Home Directory

Your home directory is you own, private directory on the Uberspace host. It is a directory with the same name as your user account, stored within the /home directory. So if your Uberspace account is named eliza, you home directory is /home/eliza.

What Should I Put Here?

The general rule is: Anything you don’t want anyone else to see, especially any files you don’t want to be accessible by the web server.

Default Files and Folders

.bash*

The .bash_profile, .bashrc and .bash_logout files are the configuration, startup and logout scripts for the Bash Shell. .bash_profile is a script that is executed when you log in via SSH and will include .bashrc. If you want to run any commands automatically whenever you log in, add them to .bash_profile. .bash_logout is executed when you log out. After your first login, .bash_history will be added automatically and logs all you shell commands so you can re-run them later.

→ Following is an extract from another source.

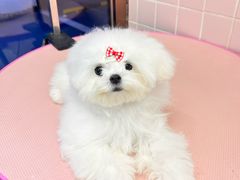 -FAELING PETS美天灵宠物(富力广场店)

In many contexts, the tilde ~ can be used as a placeholder for your home directory.

etc

The etc folder is reserved for configuration files of any kind. Most importantly, this includes your supervisord: configuration in ``etc/services.d`.

bin

Within the bin directory executables installed by custom tools or written by yourself can be stored. They can then be called like normal commands.

html

html is a symbolic link to your documentroot. Anything in there is accessible to the web server, and thus to the public.

logs

A directory to store log files.

Maildir

Your emails and IMAP folders are stored in this directory.

users

Your additional Mailboxes. This folder only exists if you set up mailboxes with uberspace mail user add.

.my.cnf

This is your MySQL settings file.

.qmail*

.qmail files (“dotqmail files”) are used to add email aliases or forwarding addresses.

.ssh

The .ssh directory contains your SSH configuration.

tmp

A directory for temporary files.

.zshrc

The configuration file for the Z Shell.